Elephants in Our Yard
When her father dies unexpectedly, the young narrator of Elephants in Our Yard finds her life thrown into disarray. As a member of a Turkish Kosovar family now living in Switzerland, she feels unwelcome in her adopted homeland and struggles to fit in and make connections with others. Aimless and adrift, she spends a year living in a state of uncertainty, fitfully attending lectures at the university, taking long train rides, and returning to places from her previous life in Prizren. Memories of her idyllic childhood in this old Ottoman city, from which she emigrated with her family at the age of ten, force their way into the present.
But the world of her childhood no longer exists, and she realizes that she, too, has changed. As she tries to find a place for herself in her new country and becomes fluent in her adopted language, she becomes increasingly more estranged from her mother with every new word of German she speaks.
Elephants in Our Yard is a poignant first novel about a life marked by migration and alienation, sadness and loss, but also by hope and new beginnings.

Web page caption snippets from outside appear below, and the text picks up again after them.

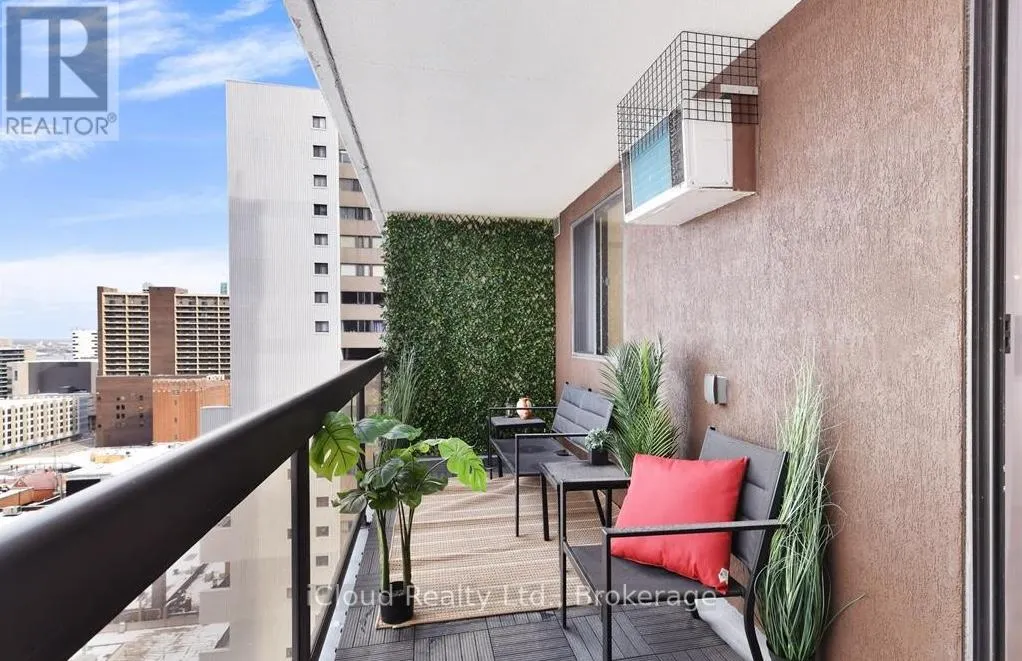 1807 - 150 PARK STREET W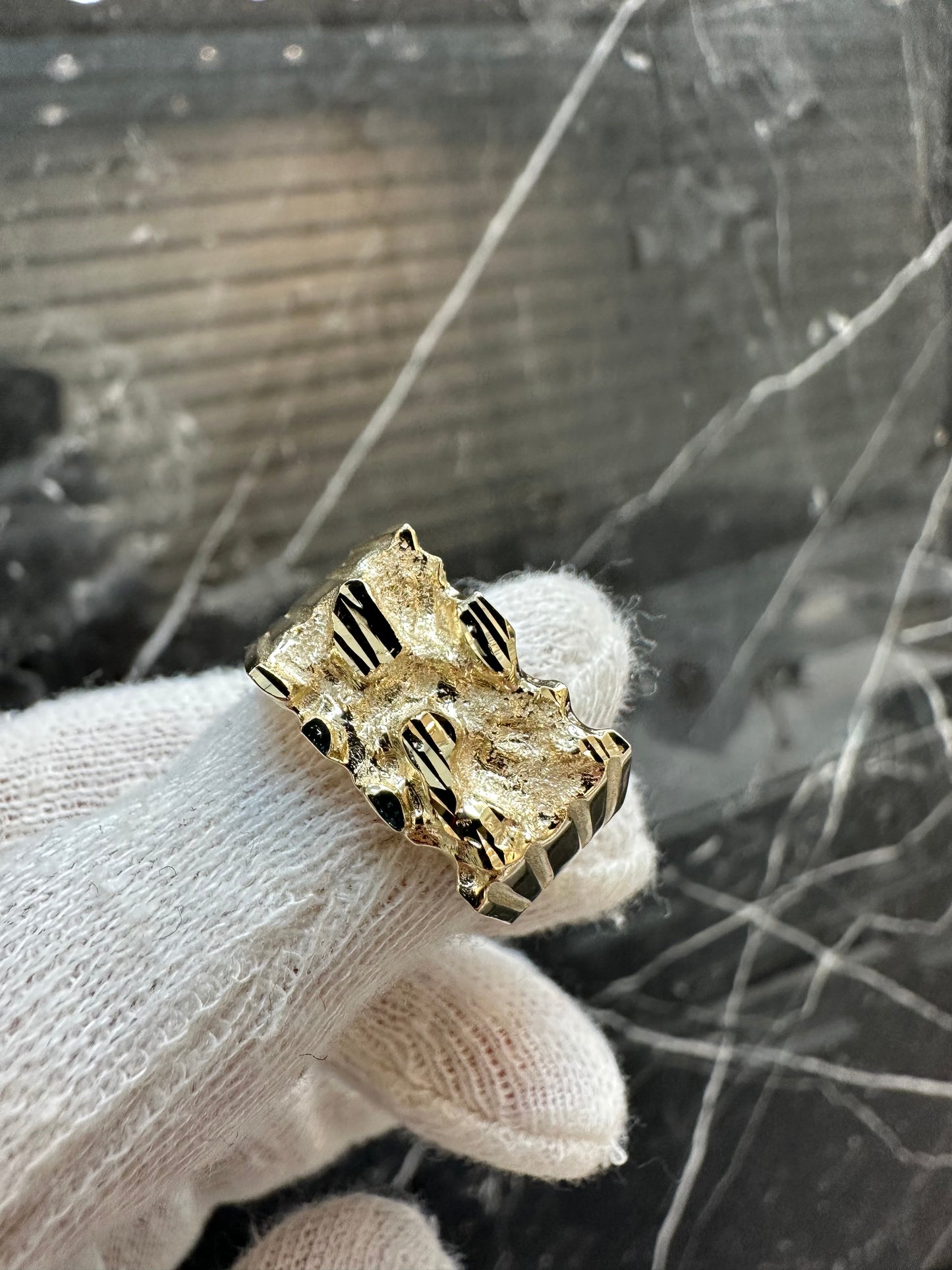 Prachtige 14K Gouden Piet Piet Ring – Diamond Cut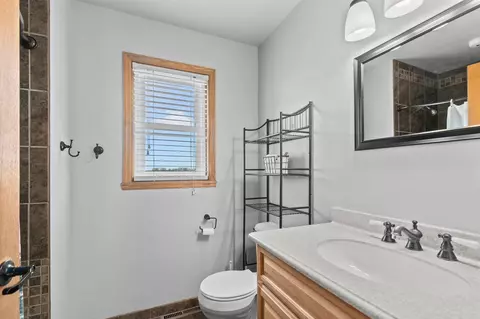 Bath - 1609 E Wyndmere Dr, Appleton, WI 54913 photo 1 of 5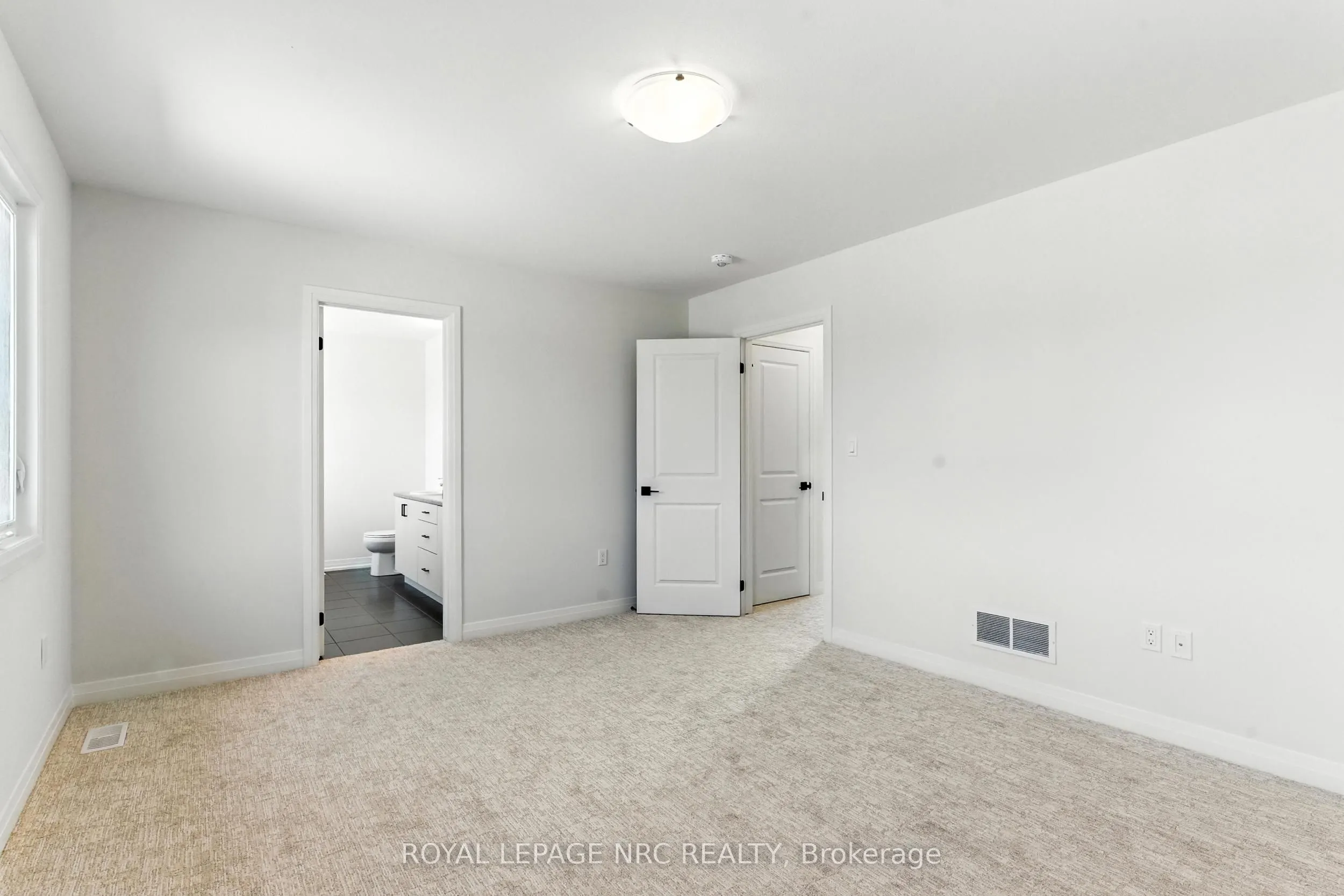 1022 Kraft Road N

Praise for the German language edition
“[Kureyshi] has succeeded in using autobiographical set pieces to write an accessible, highly topical novel that strikes a balance between restrained language and lush, poetic storytelling.” Neue Zürcher Zeitung
“Meral Kureyshi’s literary treatment of her migration story goes far beyond the description of an individual fate. In a dense prose with strong imagery, which completely refrains from accusatory or lachrymose tones, she cleverly reflects on the expulsion from her childhood language and the appropriation of her new ‘mother tongue.’ In this new language, she has achieved an exceedingly remarkable feat.” Der Bund
Shortlisted for the 2015 Swiss Book Prize
About the Author
Meral Kureyshi was born in 1983 in Prizren in the former Yugoslavia, where her family belonged to the Turkish-speaking minority. She immigrated to Switzerland with her family in 1992 and now lives in Bern. She has studied German literature at the Swiss Literature Institute in Biel, founded a poetry workshop for children, and now works as a freelance writer. Her first novel, Elephants in Our Yard, was nominated for the Swiss Book Prize in 2015, won several awards, and has been translated into many languages. Her second novel, Fünf Jahreszeiten, was published in 2020, and was awarded «Das zweite Buch» prize by the Marianne and Curt Dienemann Foundation.
About the Translator
Bob Cantrick grew up in the United States and attended the University of Rochester, NY, and the Johannes Gutenberg University in Mainz, earning a BA degree in German. He did graduate work at the universities of Cologne and Bonn on a fellowship, then continued studies in Germanic languages and literature at Indiana University (Bloomington) on a teaching assistantship. Among many other things, he worked as a freelance translator, in-house translator and editor, and legal secretary-translator. In recent years he concentrated on literary translation. In 2016 he was one of the winners of the New Books in German Translation Competition, and in 2017 he won second prize in the John Dryden Translation Competition for his translation of the first part of Mario and the Magician by Thomas Mann, published in the June 2018 issue of Contemporary Critical Studies. In 2018 he was one of the featured translators at the Festival Neue Literatur in New York City. He also translated The Pope’s Left Hand by Friedrich Christian Delius, which was published by Noumena Press in 2019. He died in November 2020.